Le ministre de l’Intérieur, Laurent Nuñez, a défendu la mesure en des termes tranchés, estimant que la proposition de loi « rajoute une présomption d’usage légitime » pour les agents. Interrogé sur les critiques émanant de La France insoumise, il a déclaré que « leur rêve, c’est d’avoir des policiers et des gendarmes qui ont des pistolets à eau ». Le locataire de la place Beauvau a également répondu à une pétition circulant contre le texte, en expliquant que la nouvelle disposition ne ferait que clarifier le cadre juridique existant.
De son côté, Aurore Bergé, ministre chargée de l’Égalité et de la lutte contre les discriminations, a apporté un soutien sans réserve aux forces de l’ordre. « Les policiers ne sortent jamais leur arme par plaisir, ils le font par nécessité », a-t-elle affirmé, estimant que la reconnaissance d’une présomption de légitime défense était une avancée pour protéger les agents dans l’exercice de leurs fonctions.
« Une loi immorale » selon des juristes et des associations
Ces déclarations contrastent fortement avec le ton des opposants au texte.
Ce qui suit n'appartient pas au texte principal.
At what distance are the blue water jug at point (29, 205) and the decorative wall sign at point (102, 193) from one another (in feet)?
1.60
Dans une tribune, plusieurs personnalités et organisations estiment que cette loi « ne cherche pas le meilleur équilibre entre la vie de tous » et la qualifient d’« immorale ». Des associations de défense des droits humains alertent sur un « recul de l’État de droit », considérant que le dispositif risque de fragiliser les enquêtes en cas de tirs policiers.
Le texte, adopté le 7 juillet grâce à la procédure du vote bloqué imposée par le gouvernement, institue une présomption simple selon laquelle un policier ou un gendarme ayant fait usage de son arme serait présumé avoir agi en situation de légitime défense. Les critiques y voient un « permis de tuer » déguisé, tandis que l’exécutif assure qu’il s’agit simplement d’une clarification juridique visant à protéger les agents.
Nanterre, trois ans après la mort de Nahel
La polémique intervient alors que la ville de Nanterre, où le jeune Nahel a été tué par un policier le 27 juin 2023, commémore le troisième anniversaire de ce drame. Des élus locaux et des habitants expriment leur crainte que la nouvelle loi n’envoie un signal délétère, susceptible de fragiliser la relation déjà tendue entre la population et les forces de l’ordre. Plusieurs voix s’élèvent pour demander un moratoire ou un retrait pur et simple du texte.
Le débat devrait se poursuivre au Sénat, où la majorité de droite pourrait apporter des modifications. En attendant, le camp gouvernemental continue de marteler que les forces de l’ordre ont besoin de cette protection pour exercer leur métier, tandis que l’opposition promet de saisir le Conseil constitutionnel si le texte était définitivement adopté en l’état.